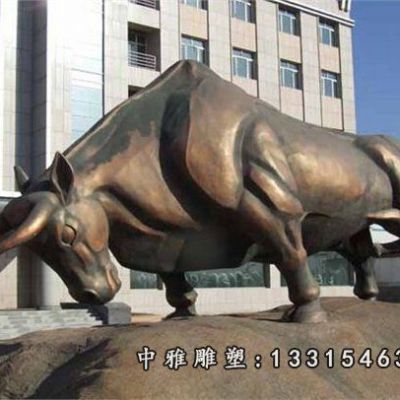 广场牛铜雕雕塑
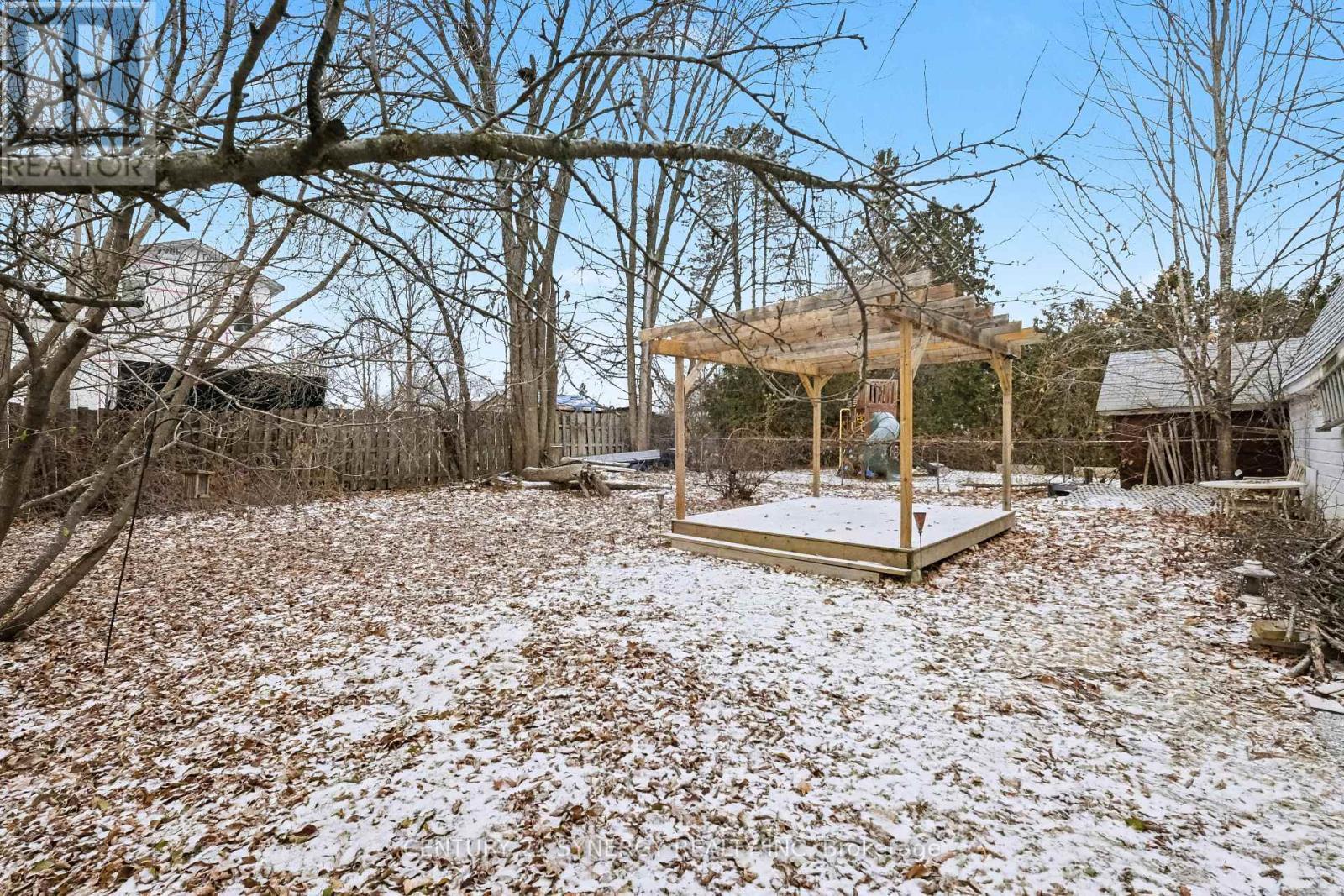 82 Abel Street, Smiths Falls, ON - Outdoor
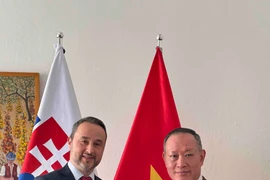 L'ambassadeur du Vietnam en Slovaquie, Pham Truong Giang (droite), et le vice-ministre slovaque de l'Agriculture et du Développement rural, Vladimir Vnuk. Photo: VNA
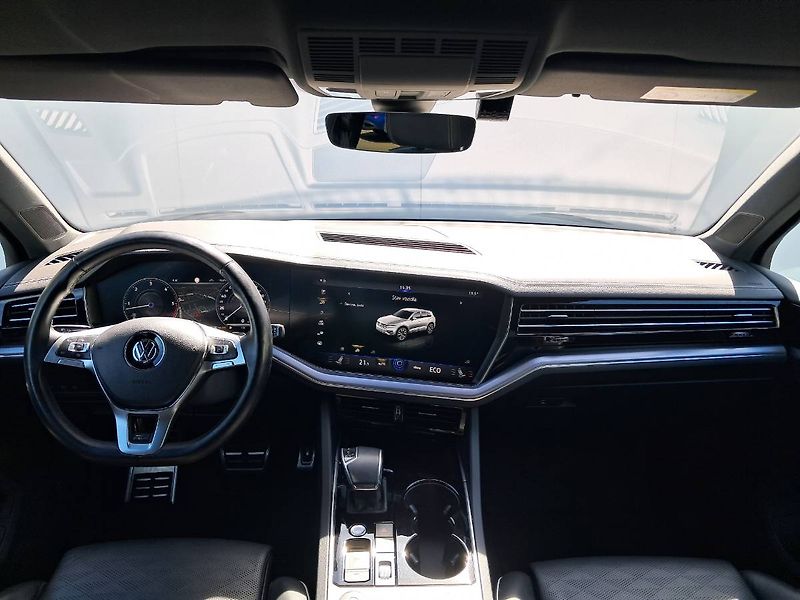 Volkswagen Touareg (2018) VW R-Line V6 3.0 TDI / 210 kW - fotka 7 z 29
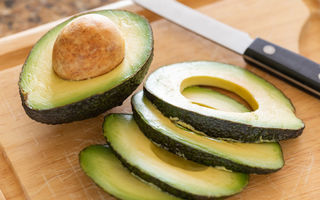 De ce să nu folosești un cuțit metalic pentru a tăia un avocado?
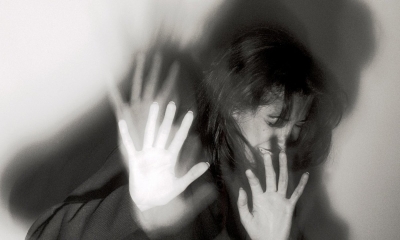 Covardia: homem bate na ex-esposa na frente das filhas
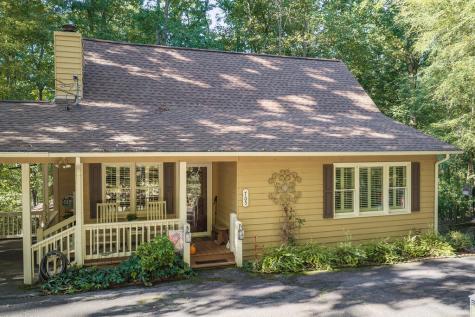 705 Laurel Ridge Drive Ellijay GA 30536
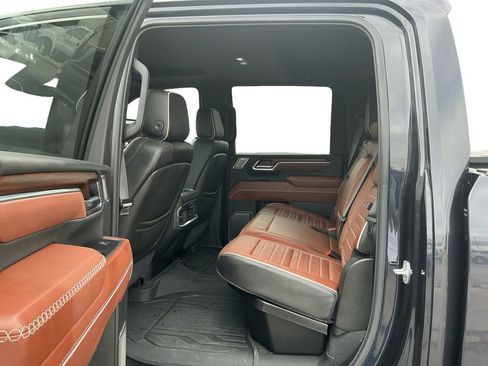 Used 2025 GMC Sierra 2500 Denali Ultimate AWD/4WD image 21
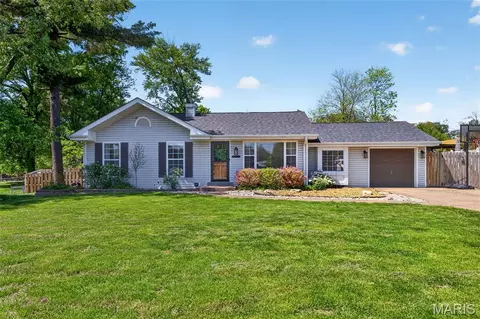 247 Old Ballwin Rd, Ballwin, MO 63021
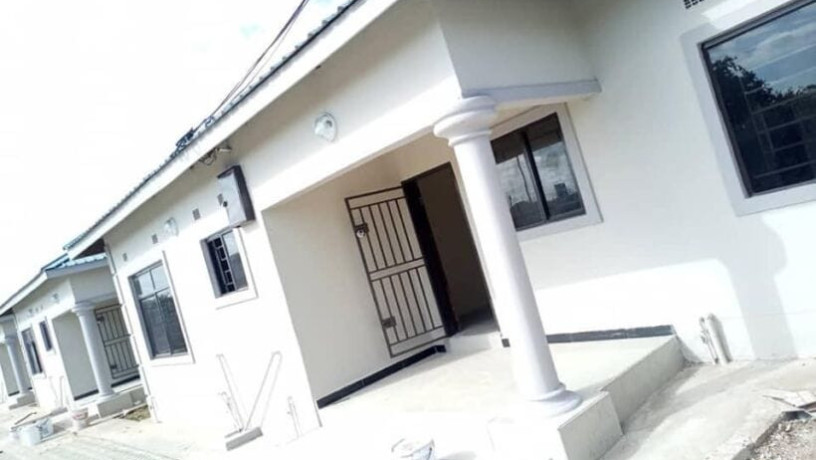 32-bedroom-flats-for-sale-in-chalala-big-2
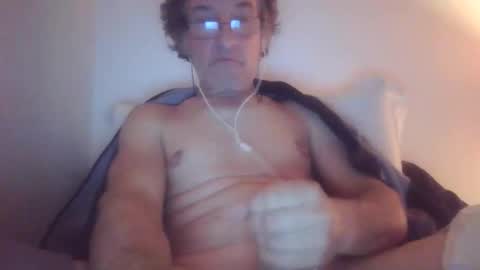 Snapshot of scotchwhieskie chatting on November 23, 12:32 am scotchwhieskie online show from November 23, 12:32 am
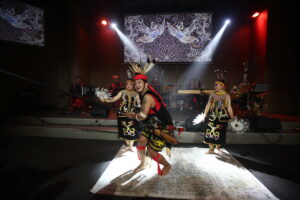 Tari Tunggal Sumpit Foto: Galeri Indonesia Kaya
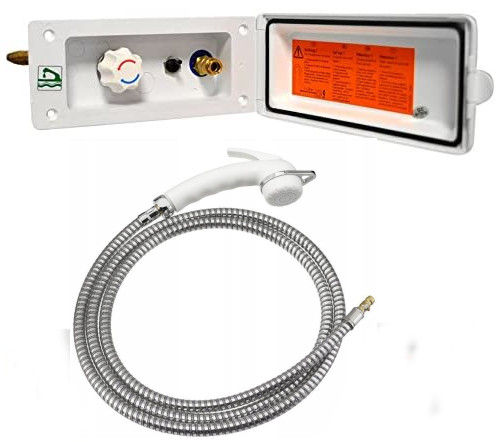 ЗОВНІШНЯ РОЗЕТКА ДЛЯ ВОДИ З ДУШЕМ REICH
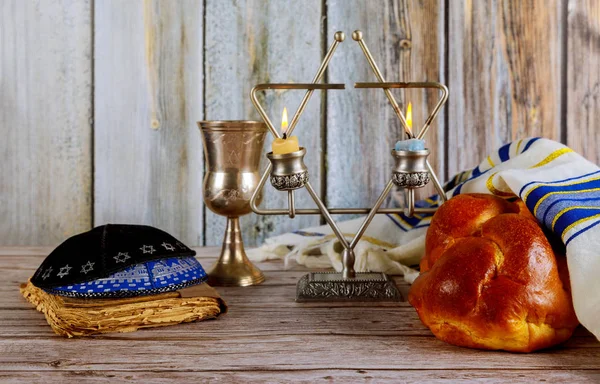 安息日犹太节日沙拉面包和烛台在木桌上 — 图库照片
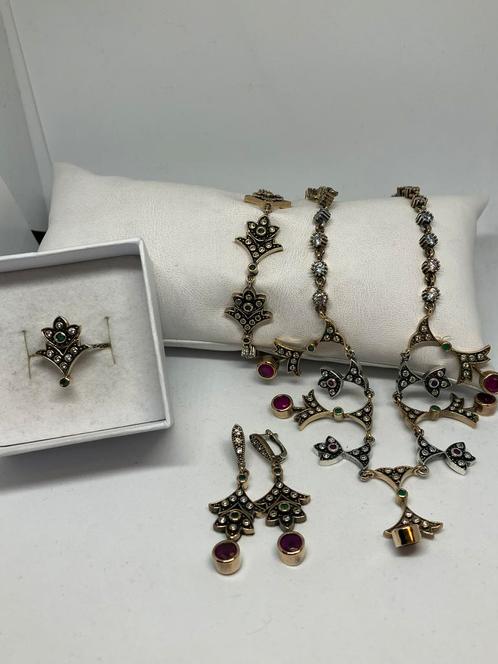Zilveren setje ( armband , oorbellen , ring en ketting), Handtassen en Accessoires, Armbanden, Nieuw, Zilver, Rood, Met edelsteen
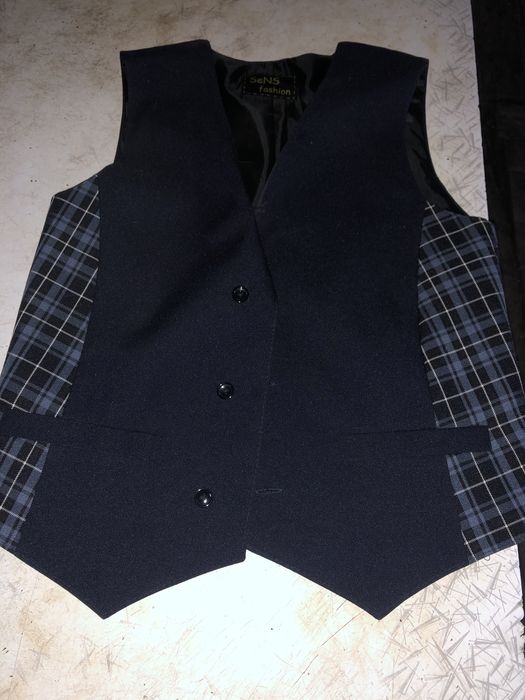 Продаётся школьная форма недорого.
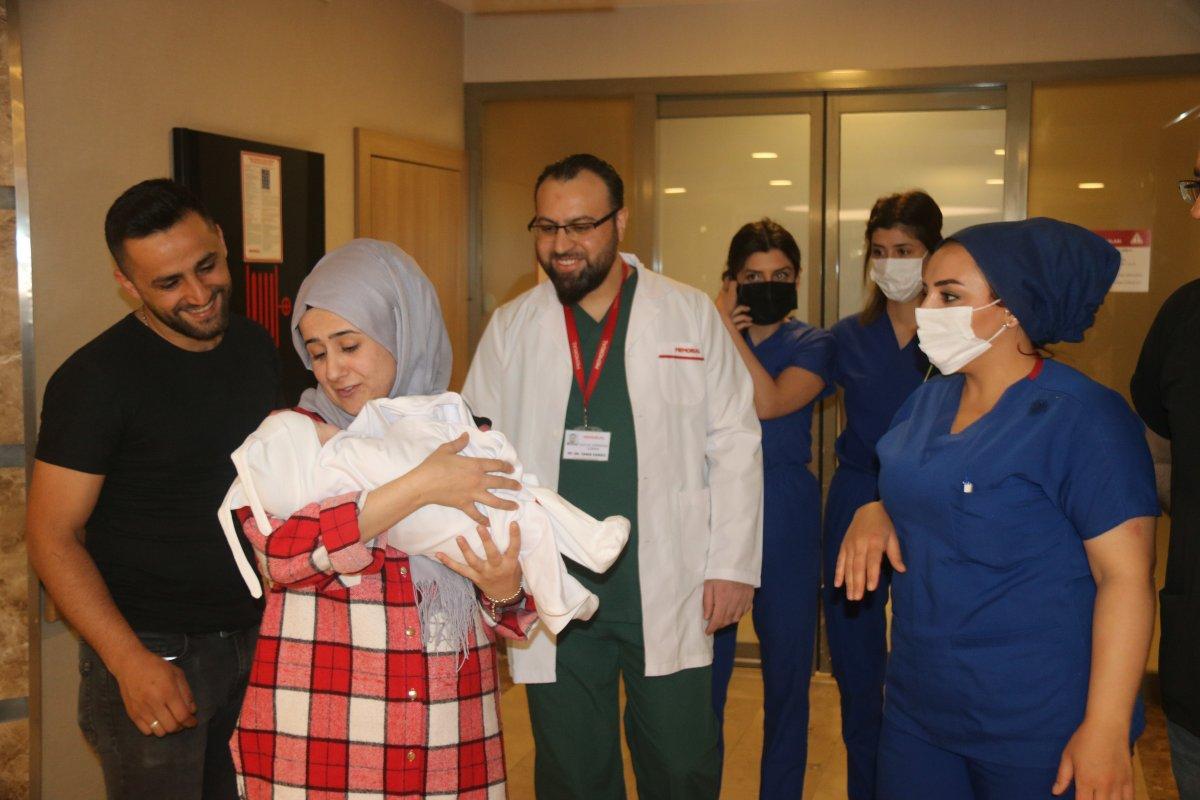 Diyarbakır'da, yemek borusu olmadan doğan bebek sağlığına kavuştu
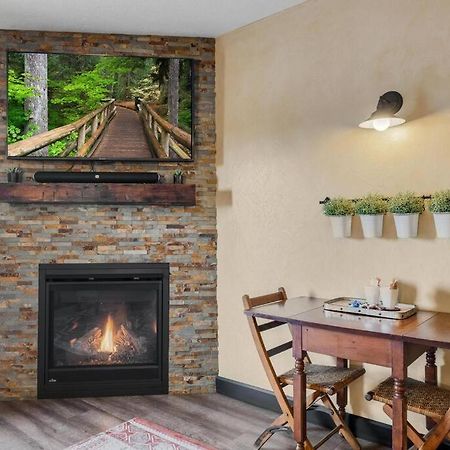 The Rustic Suite - Main Street Lodge In Berlin Esterno foto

──────────

## PROBLEM REQUIREMENTS
In the listing above, find the line with "L'ambassadeur du Vietnam" and the line with "32-bedroom-flats-for-sale-in-chalala-big-2". Set down both and every line between them, minus the pictures.

## ANSWER SECTION
 L'ambassadeur du Vietnam en Slovaquie, Pham Truong Giang (droite), et le vice-ministre slovaque de l'Agriculture et du Développement rural, Vladimir Vnuk. Photo: VNA
 Volkswagen Touareg (2018) VW R-Line V6 3.0 TDI / 210 kW - fotka 7 z 29
 De ce să nu folosești un cuțit metalic pentru a tăia un avocado?
 Covardia: homem bate na ex-esposa na frente das filhas
 705 Laurel Ridge Drive Ellijay GA 30536
 Used 2025 GMC Sierra 2500 Denali Ultimate AWD/4WD image 21
 247 Old Ballwin Rd, Ballwin, MO 63021
 32-bedroom-flats-for-sale-in-chalala-big-2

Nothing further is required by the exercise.